Current paper-based logbooks and landing declarations are both cumbersome and time-consuming for fishermen to complete. The input of the data from these paper records on to computerised databases is also resource-intensive for fisheries administrations. In November 2006, European Fisheries Ministers therefore agreed that vessels with an overall length of more than 15 metres should in future submit their logbook and landing declarations electronically.

This new technology will significantly improve the real-time monitoring of fishing activity, as logbook information will be transmitted back to shore on a daily basis, rather than having to wait for the vessel to complete its trip, as at present. It will also make it harder to misrecord catches and so contribute positively towards improving compliance. The benefits of this new technology are therefore plain for all to see. However, ultimately, electronic logbooks are essentially a control tool. In the past when similar control tools, such as vessel monitoring systems, have been introduced, these have been government funded. The Government are therefore pleased to be able to offer financial assistance to fishermen in the purchase of the necessary software. Similar assistance is being provided by other fisheries administrations in the United Kingdom and in other member states.

We have aimed to ensure best value for money by adopting a type of approval process under which any software supplier can submit its product for approval, thereby offering fishermen a choice of software to meet their own needs and introducing competition between suppliers. Grant aid will be made available only for approved software systems.

I nevertheless recognise that some fishermen may wish to purchase sophisticated software that contains functions beyond those necessary to comply with our EU obligations. I believe that it is therefore reasonable to place a limit on the level of financial assistance that we will provide. The Government thus intend to limit the amount of funding that will be available to English fishing vessels to £2,000 per vessel. On this basis, the overall cost of this funding scheme is not expected to exceed £560,000 for the 280 or so English vessels over 15 metres in length. Moneys for the scheme will be found from existing budgets, with some £530,000 of this recoverable from Community funds under the EU aid regime, which provides co-financing for member states’ expenditure on statutory control measures.

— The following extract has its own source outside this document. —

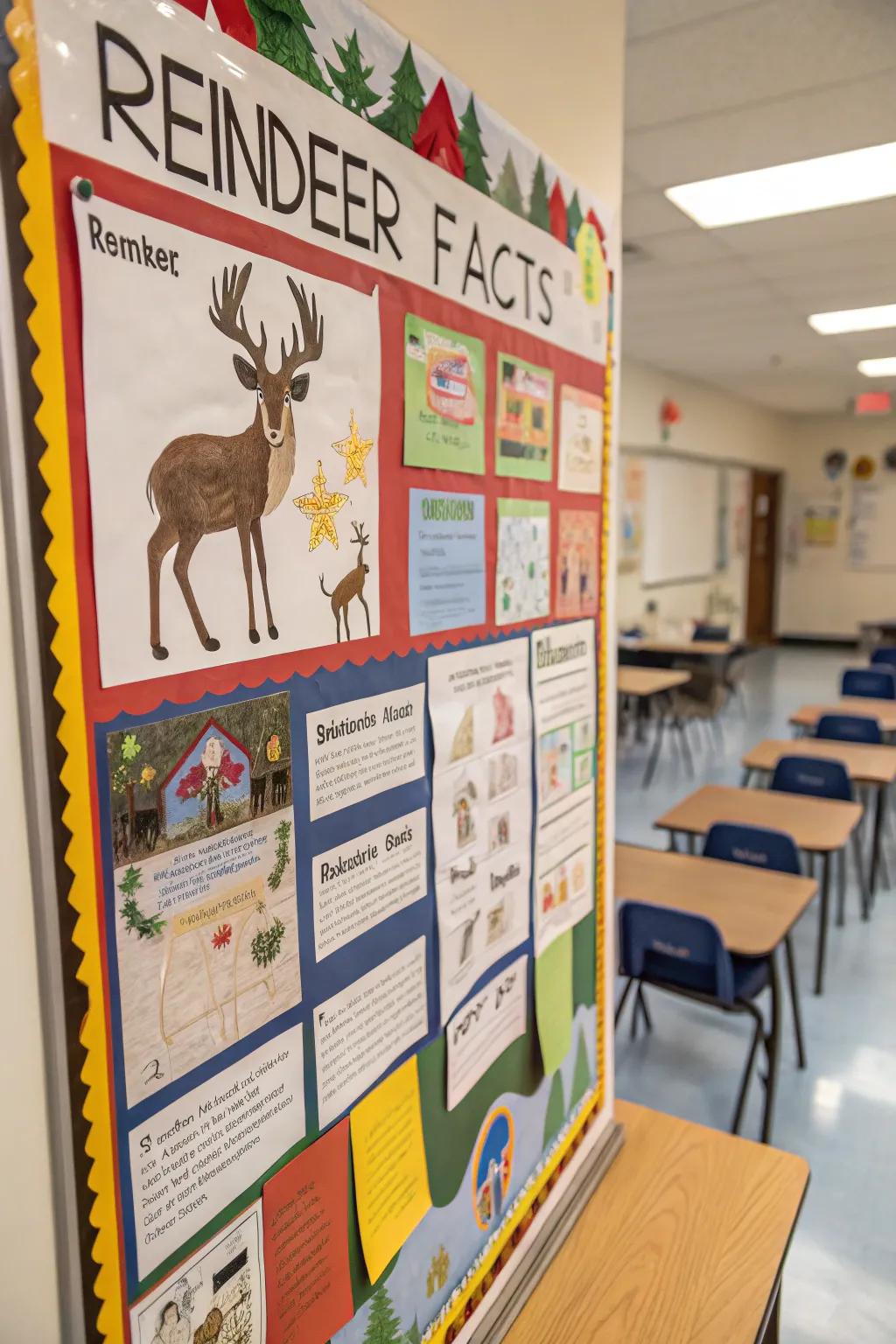 Learning details introduce an informative twist to your reindeer board.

The House may wonder why it has taken so long to put the funding scheme in place, given that the original date for vessels of more than 24 metres to have electronic logbooks was 1 January 2010. Noble Lords will not be surprised to hear that, as with many other IT projects, adopting this new technology has turned out to be somewhat more complicated than originally envisaged. As a result, all member states have been working hard to get their systems up and running. We now have two approved software systems, with more expected shortly. It is, therefore, now important that the funding scheme is put in place as soon as possible.

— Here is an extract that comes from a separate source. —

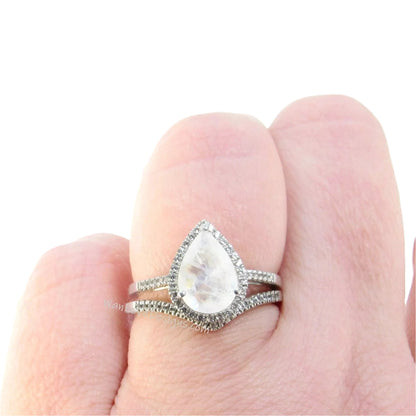 Moonstone Pear Halo Engagement Ring set, V chevron Curved Wedding Band set 2ct moon stone pear halo ring set bridal wedding Gift, Ready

Finally, the House may be aware that European Fisheries Ministers have agreed to extend the requirement for electronic logbooks and landing declarations to vessels of more than 12 metres from 1 January 2012. A decision on the extent of any funding for 12-metre to 15-metre vessels will be taken nearer the time in the light of experience with vessels of more than 15 metres. I beg to move.

My Lords, the Opposition welcome the opportunity to debate this statutory instrument and, indeed, welcome the measure itself, not least because the work on its principles was undertaken by the previous Government after meetings and consultations with the fishing industry. We feel that the benefits of this legislation outweigh any disadvantages.

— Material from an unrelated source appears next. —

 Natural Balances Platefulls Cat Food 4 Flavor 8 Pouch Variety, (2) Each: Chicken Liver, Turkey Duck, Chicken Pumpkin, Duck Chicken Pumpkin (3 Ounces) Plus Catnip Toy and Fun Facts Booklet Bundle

Paragraph 7.2 of the Explanatory Memorandum attached to the instrument sums up the benefits when it describes the purpose of the scheme, using words similar to those used by the Minister, which is to ensure,

“more timely and accurate information on fishing vessel activity and enable Fishing Administrations to better manage the uptake of quotas and restrictions on fishing activities”.


“in turn will contribute positively to the conservation and sustainable exploitation of fish stocks”.

There are other positive aspects to the measure, such as the reduction of the administrative burden and consequent considerable time savings, which again are detailed in the Explanatory Memorandum and the useful impact assessment.

However, while generally supporting the measure, I none the less want to put some questions to the Minister, particularly in the light of what he described, rightly, as the time pressures on us and other European states in complying with these regulations, as well as some of the difficulties connected with IT development with which we are familiar. The Minister said that two suppliers have now been identified, which means that there are two suppliers on the list that the Government have to draw up. How happy is he about the situation, given that obviously the greater the choice, the more likely it is that costs will be more competitive, particularly for the fishing industry? Can he assure us that all possible methods have been used to try to communicate with the industry and those affected by the scheme as much information as they need, so that, even with a limited choice, they will be able to make informed decisions?

In this age of devolution, the people affected will want to be assured that there is no discriminatory treatment for fishing vessels in the different UK administrations. I wonder whether the Minister can assure us of that in his reply. Certainly, the Explanatory Memorandum says that the aim is to ensure that,

“small English businesses are not placed at a competitive disadvantage compared with their UK and EU counterparts”.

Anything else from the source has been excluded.